My text is very, very tiny. I'll hit Ctrl+Enter to accept it and scale it out, pressing Ctrl+T and scaling it up. I don't really care what font it is. I really care what the measurement says right now, and if it's too blurry I can always go back and fix that. I'll add in some lines so that in case I come back to this, I can remember I said, oh, it's 17 inches tall. What I'll do, then, is put corresponding marks over here, up to the top and down here on the bottom. I'll put more lines up here, and it's okay if they squiggle a little bit because this is just really a rough drawing, this will be 34.
In this case I'll take this text, select it by pressing Ctrl+A and change the point size. Here even at 72 it's pretty small, so I'll zoom in and make sure I grab it and make it bigger. We could enter in a custom point size if we want. But it's a working drawing so I'm not going to be too picky. It's a good idea to go through and kind eyeball out the dimensions, maybe even measure a chair you have got. Figuring out the right size, because a little bit off in one way or another is going to look odd. And what we want to avoid is things that are obvious in our daily lives looking just a little bit off, because then we lose track of what's going on, and we say, wait, this doesn't look right. What was I doing in this game? And the immersion of the game is lost. Here's what I'll plan in the modeling of it.

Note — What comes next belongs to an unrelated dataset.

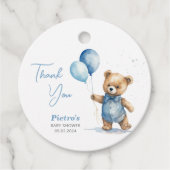 Baby shower Teddy Bear Boy Bedankjes Labels (Voorkant)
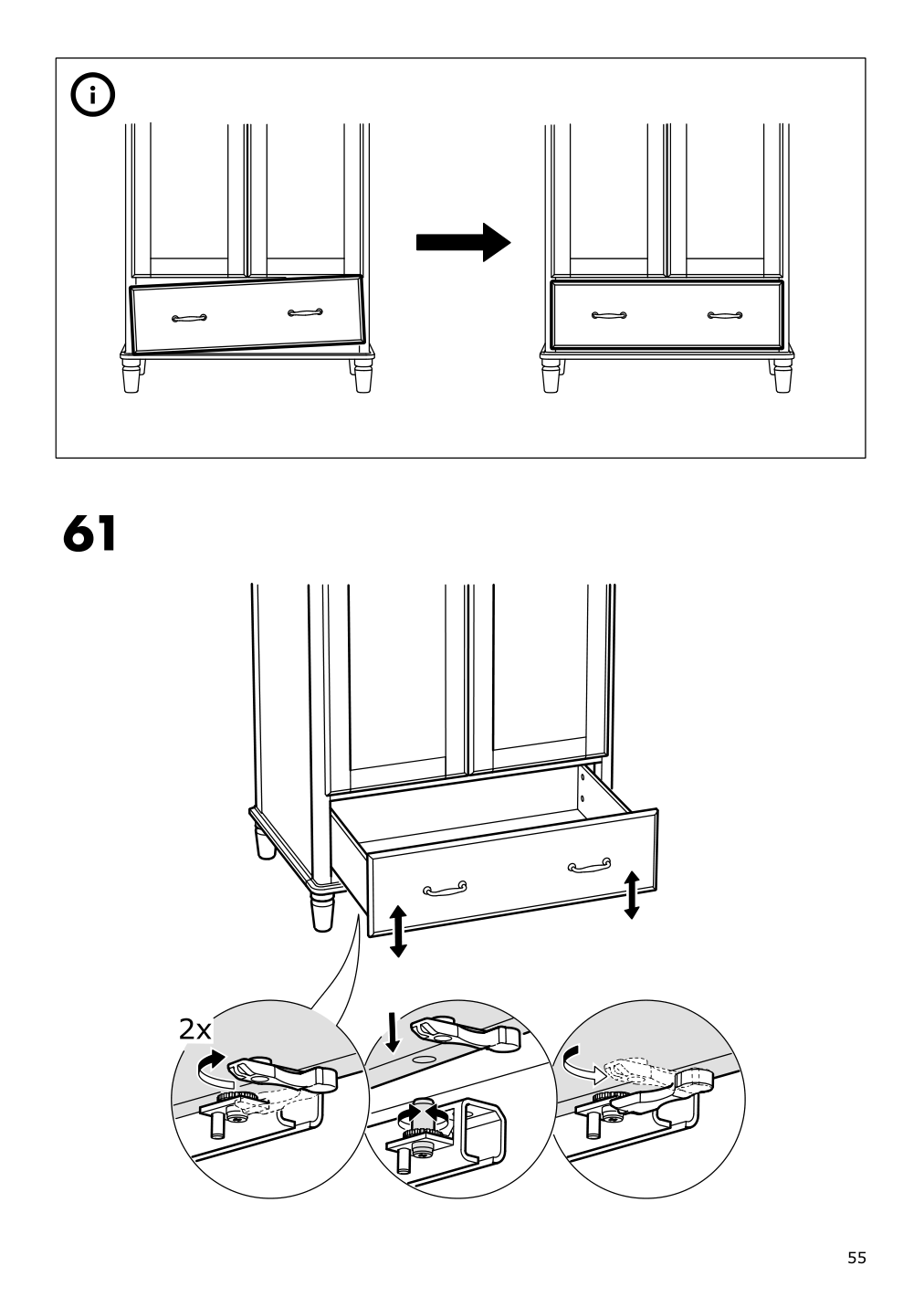 Assembly instructions for IKEA Tyssedal wardrobe white mirror glass | Page 55 - IKEA TYSSEDAL wardrobe 002.981.28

I have got two symmetric legs in front and two in back, so reasonably if I modeled one back leg and one front leg I can clone them over. I have got general purpose blocks under here for the stretchers and the skirt. These are really just boxes that need to snug into the legs, but this shadow line right there is important. I'll use a different color and mark out some key shadow lines. I'll make myself a new layer and draw on that, pressing B for Brush and downsizing the brush a bit. What I'll do a lot of times for chair because the mesh lines are pretty straightforward is make sure I mark out on here key shadow lines, right here where the leg overlaps and goes in front of that skirt, that's a key element.
Another key piece might be right here, and really it's not an exact mesh drawing as we have done previously as much as a thorough accounting or acknowledgment of the key parts of the design. This chair is crafted, even though maybe just a cheap chair. There is an element of craft and design to every piece, and we need to have that come across in our model. Even if the poly count is low, the leg still tapers and these actually do flare out. This curve is important, and this curve at the back as important as well.
What I'm going to do is put a line across here and also a couple down here, and this lets me know that that is curved right there. It's a big deal to get it right and to get the overall silhouette looking like what we should have. If this was too vertical or straight up and down it would look uncomfy, and it would have looked odd, unnaturally un-chair like, and that's what we want to avoid. So when you're modeling, look things over and plan it out a little bit, look at the key details in the model that you know need to come across and look at the subtle curves so you can plan and for your polys there later.